- Data section -
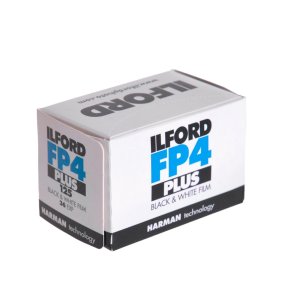 Ilford FP4 plus 135-36 S/H film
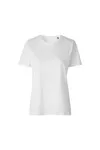 T-Shirt | ökologisch | Damen Weiss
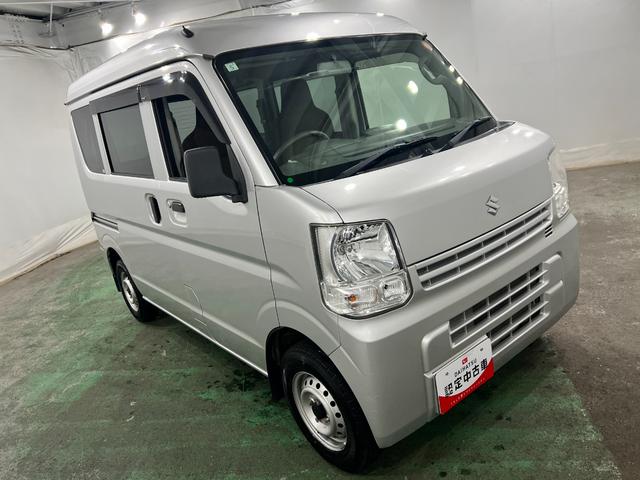 エブリイPC 走行63887キロ/車検整備付/雹害一年保証・走行距離無制限走行63887キロ 車検整備付 雹害 助手席エアバック 純正カーペットマット AMFMラジオ キーレス(埼玉県)の中古車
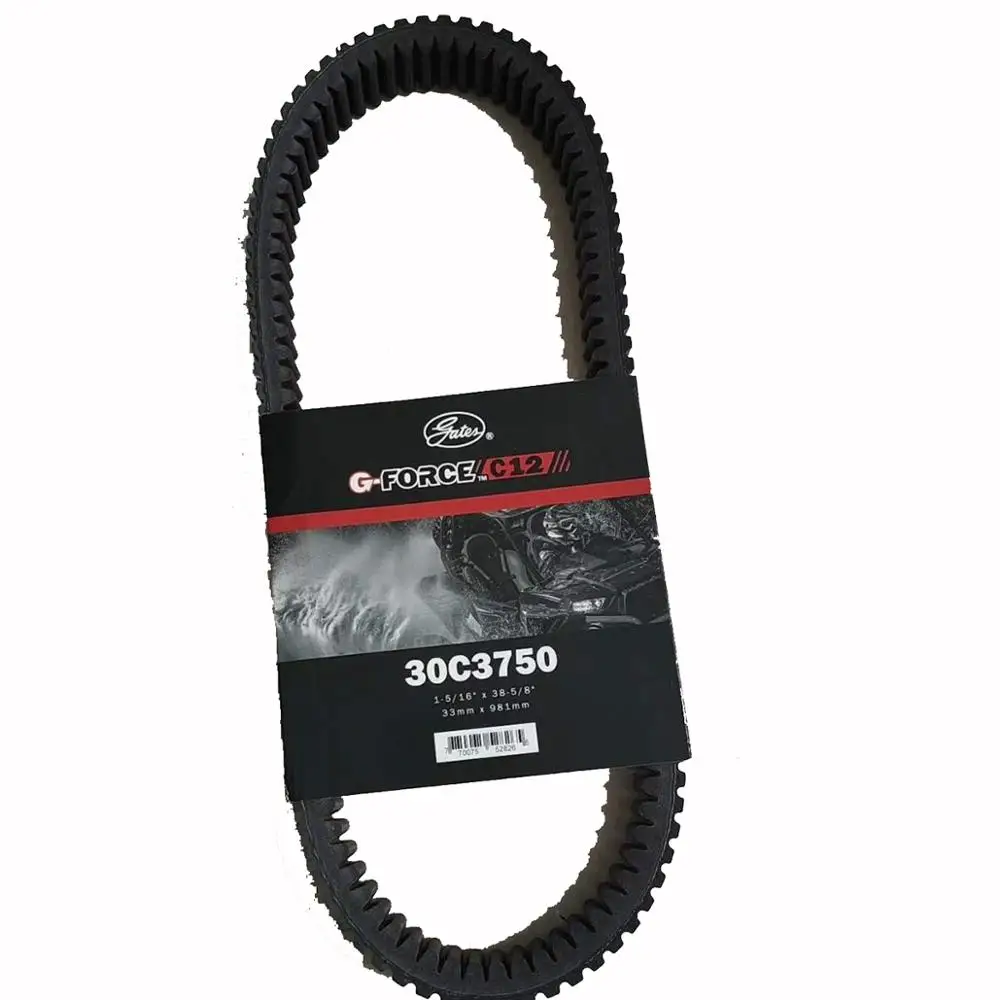 Genuine Gates Belt 30c3750 422280364 For Can Am 500, 650, 800, 800r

- How to complete this task -
Repeat the listing exactly, pictures excluded.

- Result of this exercise -
 Ilford FP4 plus 135-36 S/H film
 T-Shirt | ökologisch | Damen Weiss
 エブリイPC 走行63887キロ/車検整備付/雹害一年保証・走行距離無制限走行63887キロ 車検整備付 雹害 助手席エアバック 純正カーペットマット AMFMラジオ キーレス(埼玉県)の中古車
 Genuine Gates Belt 30c3750 422280364 For Can Am 500, 650, 800, 800r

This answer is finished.